Toxins and Mental Health

Your brain is an extremely complicated organ. As the center of your nervous system, it controls mental processes and physical actions, including things you may take for granted, like simple movements of your body parts. The brain controls the information flow through the body and natural processes like breathing, blinking, or digesting food. These are called involuntary actions reactions we really don’t control. On the other hand walking, reading, talking, or running around are all voluntary actions we do because we want to.

Your brain consumes 80% of the energy you produce. It also needs nutrients.

To have a healthy, well-functioning brain, we need to eat specific high-quality foods including seaweed, fatty fish like wild salmon, oysters, tuna, nuts, seeds, eggs, avocado, leafy greens, and so on. The human brain is 60% fat no wonder we require healthy fatty acids. Despite what you’ve been told, cholesterol is also one of the most important nutrients for our brain health and cholesterol deficiency is proven to be one of the causes of Alzheimer’s disease. Cholesterol also helps us synthesize Vitamin D from sunlight, and this powerful vitamin supports good mental performance and immune function. Iron makes us able to break down proteins to make neurotransmitters, the inhibitory and excitatory chemicals that transmit signals in our nervous system. Without enough iron, we can experience not only anemia, dizziness, or headaches, but also depression, brain fog, confusion, and lack of energy and motivation.

The brain is extremely sensitive to nutrient deficiencies, but also to unhealthy lifestyle factors like lack of sleep, too much stress, or too much exercise (physical stress). Our prefrontal cortex, part of the brain that stores information about our personality expressions, decision making, and social behavior, can get severely damaged when we do not get enough rest, time for regeneration, and specific nutrition.

Our mind and body are not separated from each other. It is important to recognize that our physical health reflects on our mental health. Poisoning our bodies with inappropriate edible substances, medications, drugs, or neurotoxins will influence our state of mind, our ability to think, make decisions, and experience happiness. Having a healthy gut is crucial to mental well being. Some scientists call our gut the second brain because there are about 100 million neuron cells embedded in our digestive tract.

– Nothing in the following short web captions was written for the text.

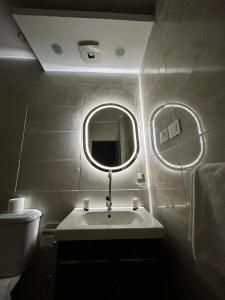 A bathroom at Dima Pyramids View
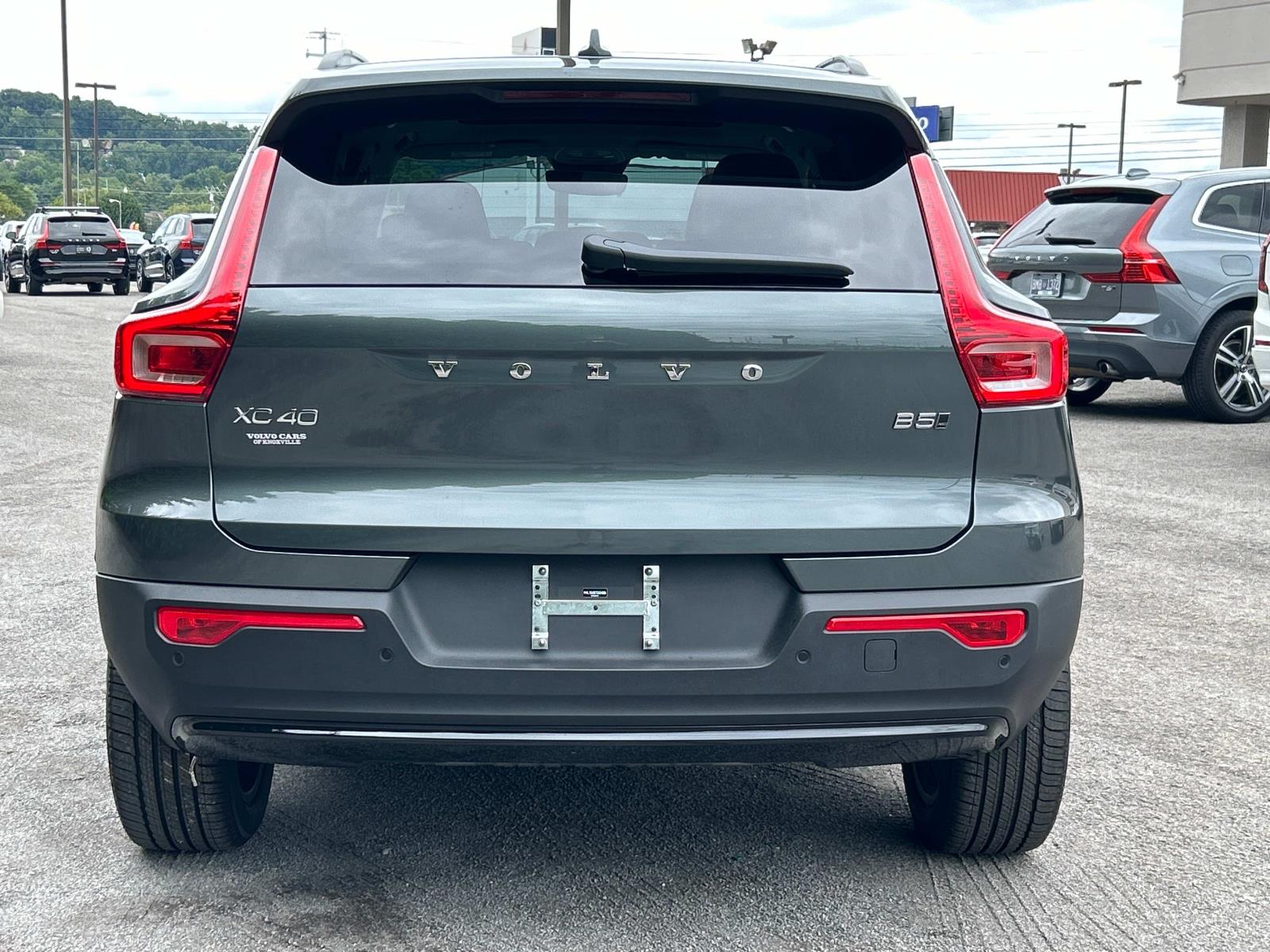 2026 Volvo XC40 Plus AWD photo 4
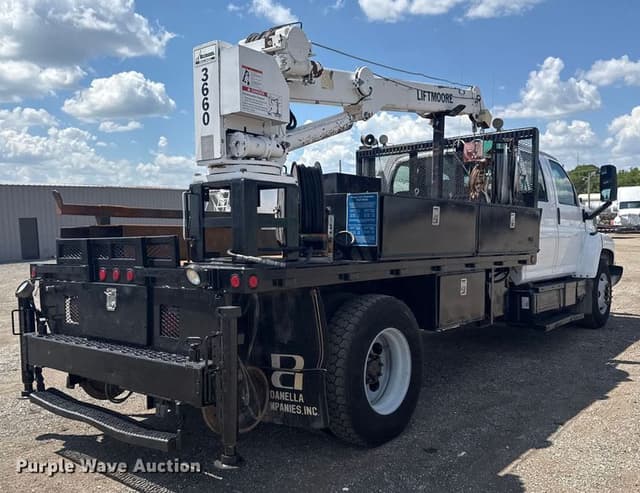 Image of Chevrolet C7500 equipment image 4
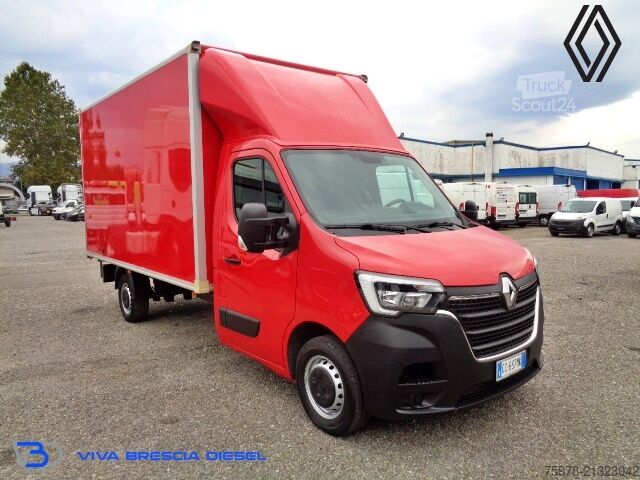 Wagon à caisse longue Renault Master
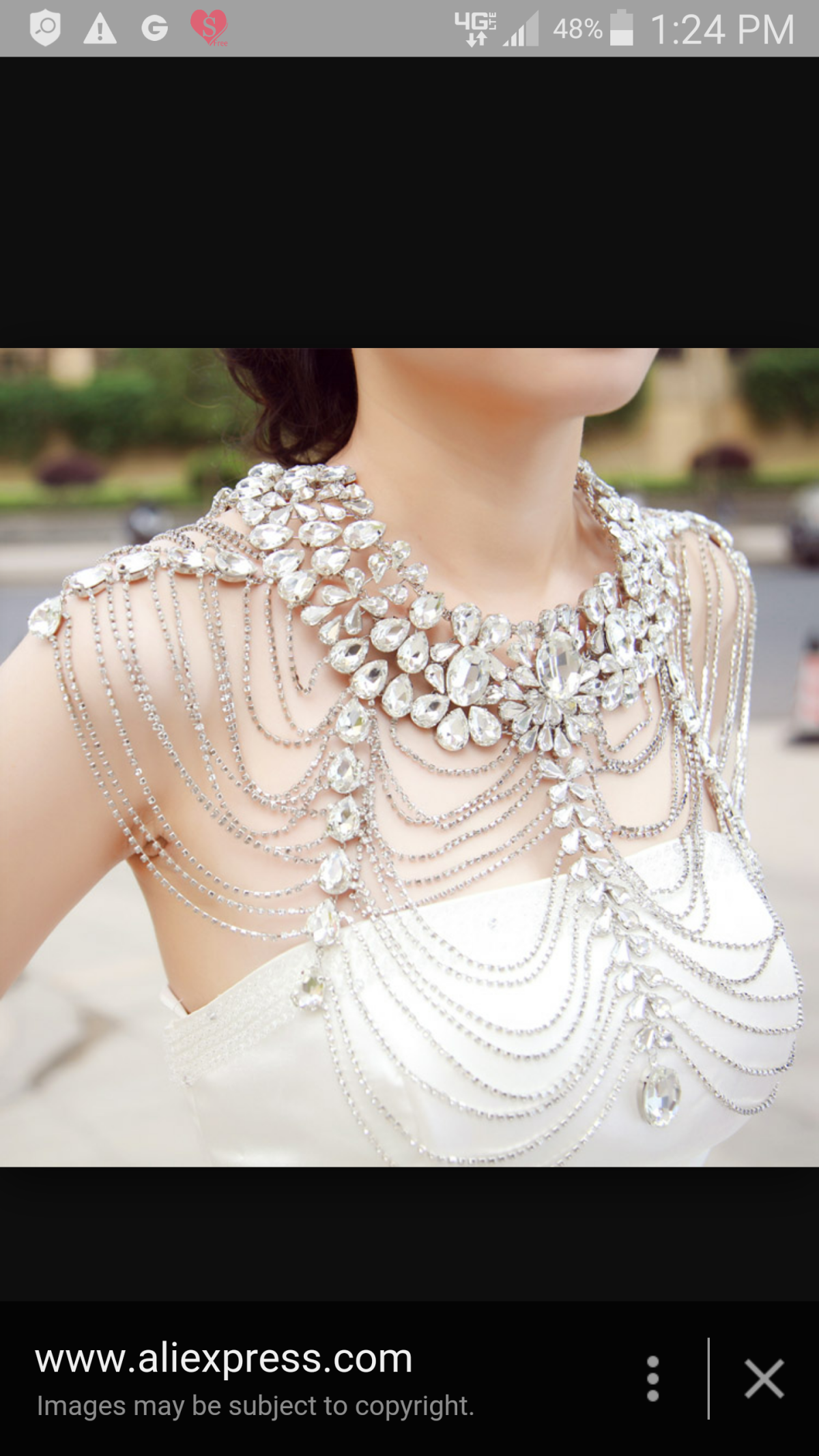 Девушка в колье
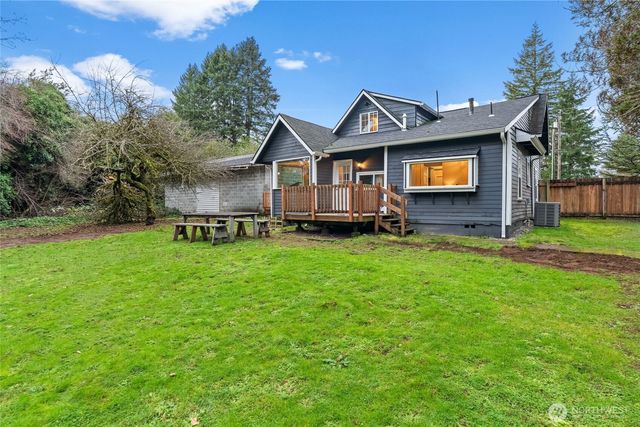 1911 Sidney Avenue, Port Orchard, WA 98366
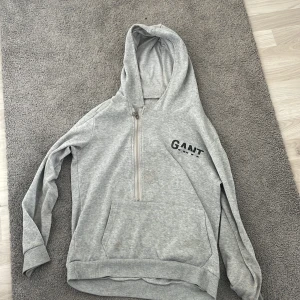 Gant  - Den här gant tröjan är bra skick använd lite. Sitter bra på, storlek xs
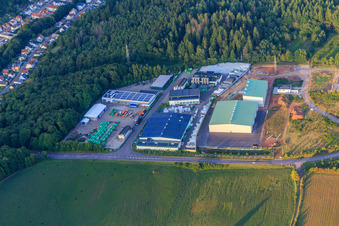 Vue aérienne de Zone industrielle Auf d. Haardt avec SEG Umwelt-Service GmbH, Martino Installationstechnik – chauffage, plomberie, ventilation et Walter & Co. GmbH / Walter Nutzfahrzeuge GmbH à Mettlach dans le département Sarre, Allemagne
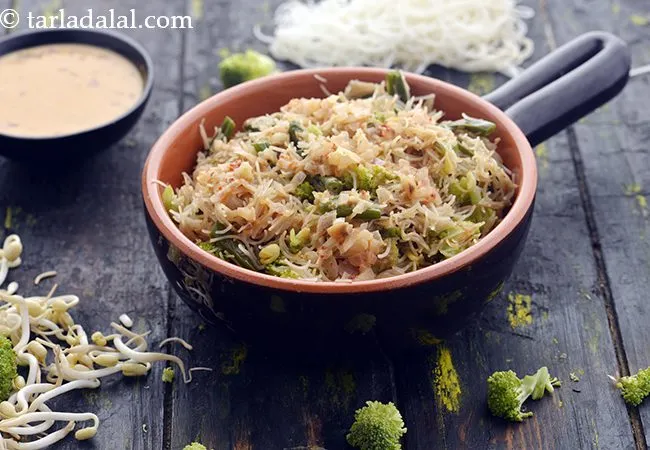 Rice Noodles with Vegetables in Thai Red Curry Sauce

Having a healthy body equals having a healthy brain and the other way around too. Stress can disrupt healthy digestion, and eating the wrong food can mess with your mood. When we are nervous about some event (e.g.. wedding, job interview, or school exam), we tend to have gut symptoms, often constipation or diarrhea. When we consume bad food and our gut gets irritated, it usually makes us mentally dull as well some refer to having brain fog. With this in mind, we should focus on having a diet that nourishes our body as well as our brain.

What happens when we constantly keep our brain malnourished, deprived, and deficient? We see it all around us nowadays. People suffer from mental issues, behavioral problems like ADHD, we see aggressive teenagers at school, bullying each other, parents unable to control their hyperactive children’s tantrums, and in worst cases, people shooting each other for no particular reason. In December 2012, 20-year-old Adam Lanza killed twenty-six people at elementary school after shooting his own mother and then killed himself. Lanza was diagnosed with sensory processing disorder as well as an obsessive-compulsive disorder as a teenager and was treated with psychotropic drugs. Investigation of his case showed that he stopped taking the medication after four visits to his doctor. Supposedly, Lanza was a mentally unstable young man with some alarming behavioral issues. One wonders what role his nutrition and microbiome might have played as well.

In many similar cases, the perpetrator is usually someone with major or minor mental problems, someone treated with medications proven to have severe side effects. These people had something in common, and that something was poor brain health. Should we blame guns for school shootings, or should we blame the health care system? Should we trust the pharmaceutical industry and our government, when they offer us pills for everything, including treatment for side effects of the original treatment? Is there something we can do to break the vicious cycle of money, power, and influence in our healthcare system? Are we ready to do what’s right instead of what’s good for the entrenched interests? Our future may well depend on it.